◆ What to do:
The answer must consist solely of the lines from the one with "贵阳喷水池鸡尾酒吧推荐,贵阳鸡尾酒吧攻略" through the last line of the data, copied exactly, with no pictures.

══ Records to use ══

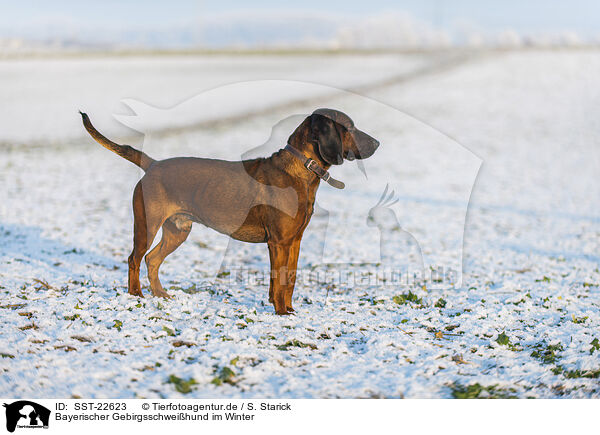Bayerischer Gebirgsschweihund im Winter / SST-22623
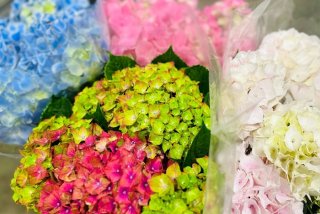 花が咲いている間は肥料はNO ／無断転載禁止（C）コクハク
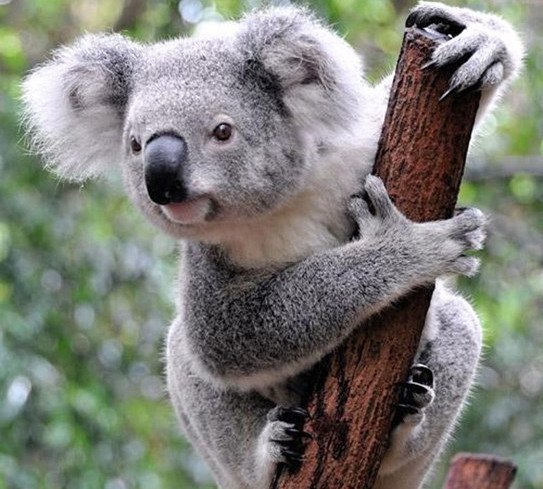 Những sự thật bất ngờ về loài gấu Koala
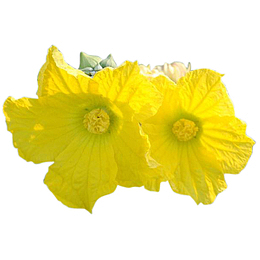 争相开放的丝瓜花透明png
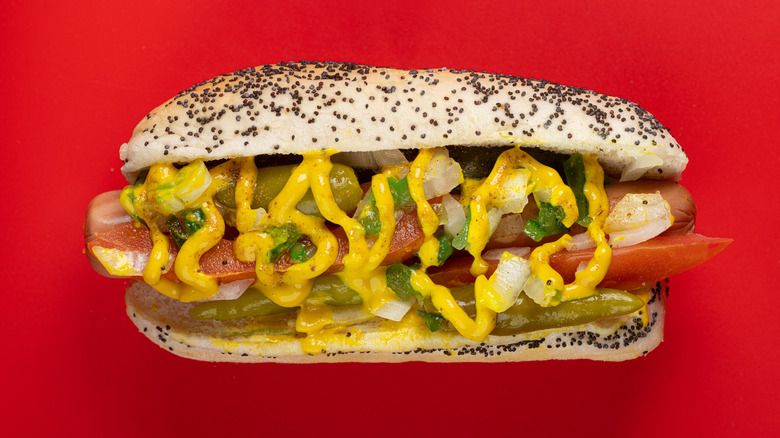 Chicago hot dog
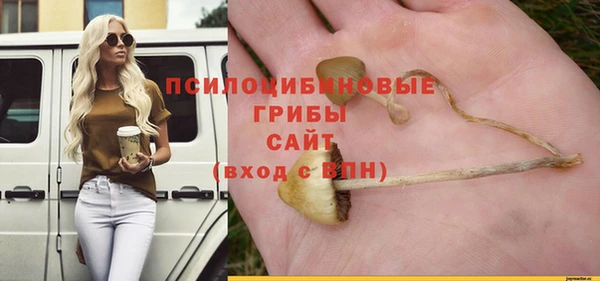 тгк Абаза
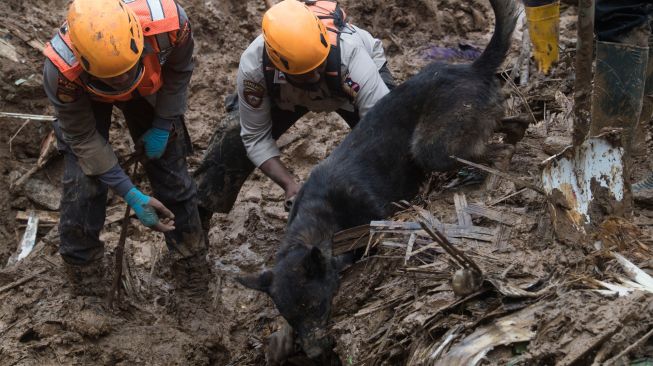 Personel Polri mengerahkan anjing pelacak untuk mencari korban yang tertimbun longsor akibat gempa di Kampung Cijedil, Cugenang, Kabupaten Cianjur, Jawa Barat, Minggu (27/11/2022). [ANTARA FOTO/Wahyu Putro A/aww]
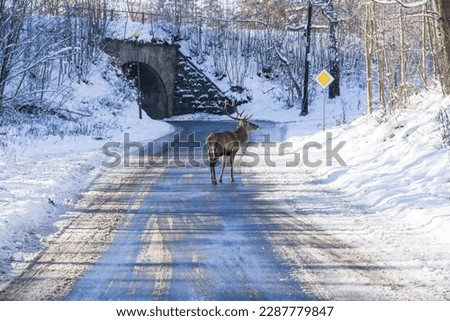 Deer walking on the road in winter. Winter landscape.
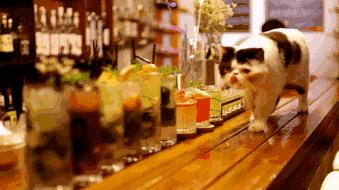 贵阳喷水池鸡尾酒吧推荐,贵阳鸡尾酒吧攻略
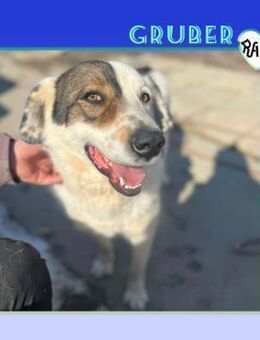 🧡 GRUBER 🧡 - EIN HÜBSCHER SCHATZ SUCHT - Alfeld (Leine)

═══

◆ Task result:
 贵阳喷水池鸡尾酒吧推荐,贵阳鸡尾酒吧攻略
 🧡 GRUBER 🧡 - EIN HÜBSCHER SCHATZ SUCHT - Alfeld (Leine)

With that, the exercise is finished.